Global fragrance and cosmetics company has confirmed the acquisition of a leading Southeast Asian distributor, just days after forming a joint venture with a distributor in Brazil.
The company has acquired StarAsia, which is an established distributor of beauty products in Cambodia, Hong Kong, Indonesia, Malaysia, Singapore, Taiwan and Vietnam – a distribution footprint that includes a number of key markets for the company.
The acquisition has been made from StarAsia’s parent company, and although terms, condition and the cost of the transaction have not been confirmed, Coty stated the deal is due to close in July.
Coty did also confirm that the existing management team for the StarAsia business would be retained once the deal is completed.
Acquisition focuses on mass market
“The acquisition of StarAsia will provide us with an established distribution platform to sell our mass brands in key developing markets in the Southeast Asia region,” said Michele Scannavini, CEO of Coty.
“We look forward to welcoming the StarAsia organization into the Coty family, and I am confident that the talented team there will fit in very well at Coty.”
Last week the company confirmed a joint venture contract with Frajo International, one of the biggest cosmetics distributors in Brazil, claiming that the deal would serve to help expand its presence in the mass and masstige categories.
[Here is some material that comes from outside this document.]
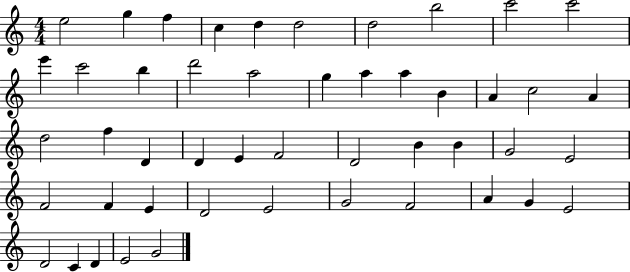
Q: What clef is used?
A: treble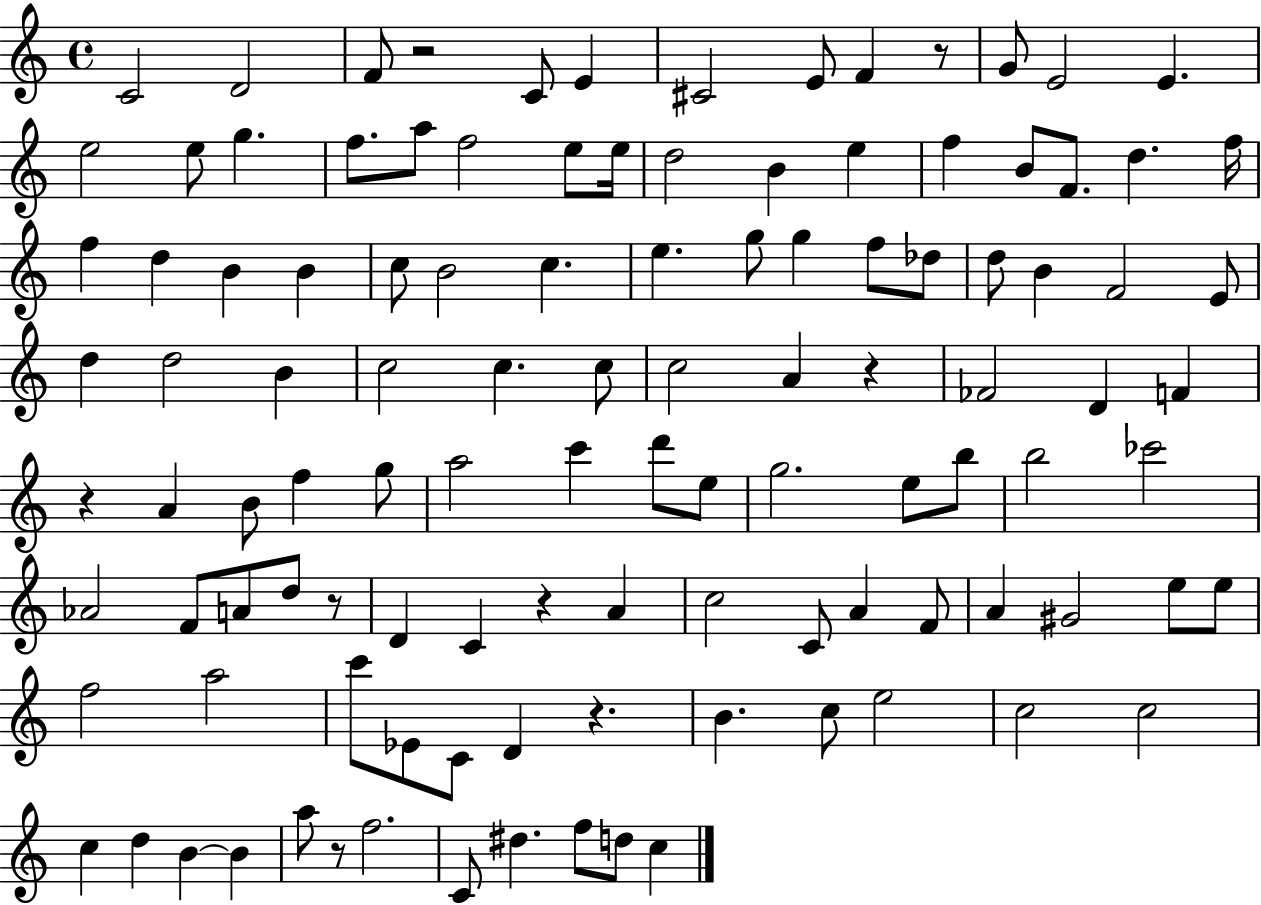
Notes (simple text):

C4/h D4/h F4/e R/h C4/e E4/q C#4/h E4/e F4/q R/e G4/e E4/h E4/q. E5/h E5/e G5/q. F5/e. A5/e F5/h E5/e E5/s D5/h B4/q E5/q F5/q B4/e F4/e. D5/q. F5/s F5/q D5/q B4/q B4/q C5/e B4/h C5/q. E5/q. G5/e G5/q F5/e Db5/e D5/e B4/q F4/h E4/e D5/q D5/h B4/q C5/h C5/q. C5/e C5/h A4/q R/q FES4/h D4/q F4/q R/q A4/q B4/e F5/q G5/e A5/h C6/q D6/e E5/e G5/h. E5/e B5/e B5/h CES6/h Ab4/h F4/e A4/e D5/e R/e D4/q C4/q R/q A4/q C5/h C4/e A4/q F4/e A4/q G#4/h E5/e E5/e F5/h A5/h C6/e Eb4/e C4/e D4/q R/q. B4/q. C5/e E5/h C5/h C5/h C5/q D5/q B4/q B4/q A5/e R/e F5/h. C4/e D#5/q. F5/e D5/e C5/q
Emerging markets focus also turns to Brazil
“Brazil is one of the largest markets in the beauty industry,” said Mr. Michele Scannavini, CEO of Coty. “Frajo is the right partner, sharing our passion for beauty. Together, we look forward to introducing new Coty brands into this key market.”
Currently the company has limited go-to-market capabilities in the Brazil market, a point that has served to limit its ambitions for growth in the market.
Coty, which has an annual turnover in excess of over $4 billion, has been looking to expand its global footprint. Last year it made a hostile $10.7bn bid for Avon Products, which was rebuffed.